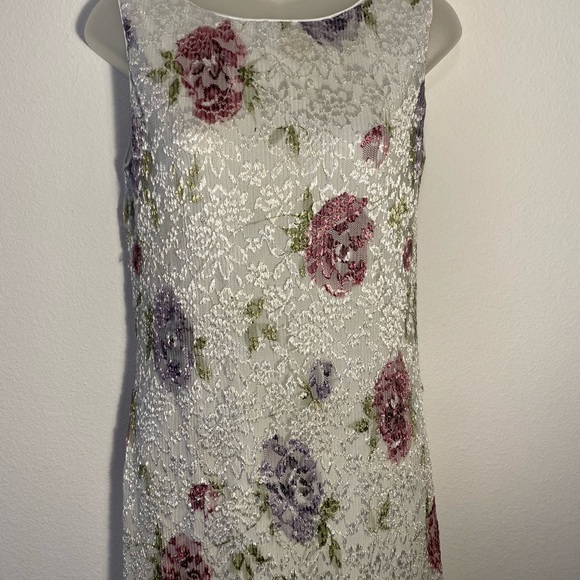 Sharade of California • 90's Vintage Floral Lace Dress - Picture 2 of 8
--
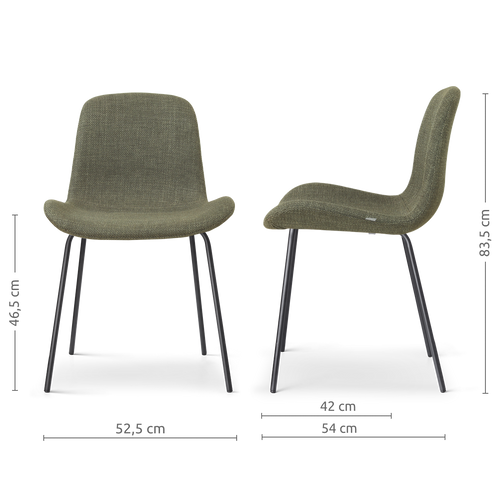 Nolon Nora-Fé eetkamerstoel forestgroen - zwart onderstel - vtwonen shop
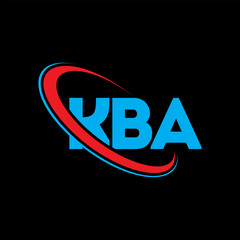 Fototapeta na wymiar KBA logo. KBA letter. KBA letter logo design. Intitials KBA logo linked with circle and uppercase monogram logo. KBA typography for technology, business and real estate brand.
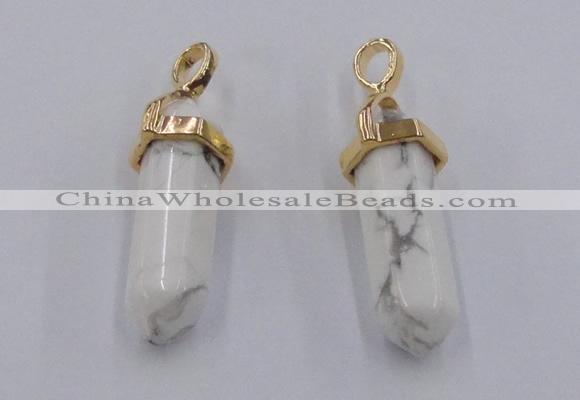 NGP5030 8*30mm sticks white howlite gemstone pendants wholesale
--
TASK BRIEF
Print, word for word, the lines above that run from the line containing "Fototapeta na wymiar" to the line containing "NGP5030 8*30mm sticks", both included. Keep the pictures out.

ANSWER FOR THE TASK
 Fototapeta na wymiar KBA logo. KBA letter. KBA letter logo design. Intitials KBA logo linked with circle and uppercase monogram logo. KBA typography for technology, business and real estate brand.
 NGP5030 8*30mm sticks white howlite gemstone pendants wholesale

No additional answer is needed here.